Found this between two walls, but did not see any live creatures. What insect makes this?

http://imgur.com/6z05I
http://imgur.com/MfHaB


----------



## joecaption (Nov 30, 2011)

Sure looks like mud tunnels from termites to me.
Feel it, does it feel like mud? Or saw dust?
Time to call an exterminator.
Do not try some home fix on this one.
No spraying with bug spray will not fix the real problum.
Go back and add where you live to your profile. Sure helps when ansewering questions.


----------



## gobug (Jul 13, 2012)

Since it is just photos, it is hard to be sure. The debris on the second photo looks more like carpenter ants to me.

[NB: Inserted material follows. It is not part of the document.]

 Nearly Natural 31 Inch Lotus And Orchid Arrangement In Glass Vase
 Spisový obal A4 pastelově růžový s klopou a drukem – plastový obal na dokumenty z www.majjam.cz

If the vertical stuff is hard, like clay, then it is most likely termites.


----------



## goldencrow (Oct 13, 2012)

Had the same thing in my basement, its mudmites aka termites, between block wall and ground leading to a basement.
I used a standard spray poison, (alot) have not seems em in years.

But I know there are more, where my eyes can not see,


----------



## joecaption (Nov 30, 2011)

Goldencrow, you found active termites and chose not to get a full real termite treatment

That mistake can cost you big time in the future!


----------



## goldencrow (Oct 13, 2012)

I saw swarms around my neighbors house 1 year after his tent.

But I do agree with you!


----------